Speaking in the final day of a week-long extradition hearing, Mark Summers QC claimed handing the case to the SFO — which reserved the right to launch a criminal prosecution against the Autonomy founder — would cause a delay of several years.
“The SFO aren’t merely not in the foothills, they haven’t got their boots on,” he claimed, adding that they would struggle to review the evidence that the US government has amassed against Mr Lynch. “The US government has that, is on top of it and is ready for trial,” he continued.
The US government is seeking to extradite Mr Lynch to face a series of criminal fraud charges in the US over the $11.1bn (£8bn) sale of his software business Autonomy to HP in 2011.
HP claims it was defrauded by Mr Lynch and Autonomy’s finance chief Sushovan Hussain. It accuses them of underreporting the company’s costs and falsely inflating revenues and profits before the deal, including by booking hardware sales as if they were more lucrative software products.
Mr Lynch is also a defendant in a $5bn civil fraud trial brought by HP in the High Court. Mr Lynch denies wrongdoing.

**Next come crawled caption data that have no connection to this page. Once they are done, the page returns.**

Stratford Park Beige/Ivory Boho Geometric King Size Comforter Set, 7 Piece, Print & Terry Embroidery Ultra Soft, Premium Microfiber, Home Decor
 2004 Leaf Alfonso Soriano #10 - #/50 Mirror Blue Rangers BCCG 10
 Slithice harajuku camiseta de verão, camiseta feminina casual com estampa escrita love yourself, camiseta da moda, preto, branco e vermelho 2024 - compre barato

Alex Bailin QC, representing Mr Lynch, denied the claims that the SFO would struggle to speedily bring a case to trial.
“The notion that the SFO could not cope with this sort of disclosure is simply pejorative speculation,” he said. “His portrayal is of an office that would be barely capable of disclosure in a case like this.”
The extradition hearing is set to resume on May 4. A decision on whether Mr Lynch will be extradited to the US is expected to be made following a verdict in the High Court trial.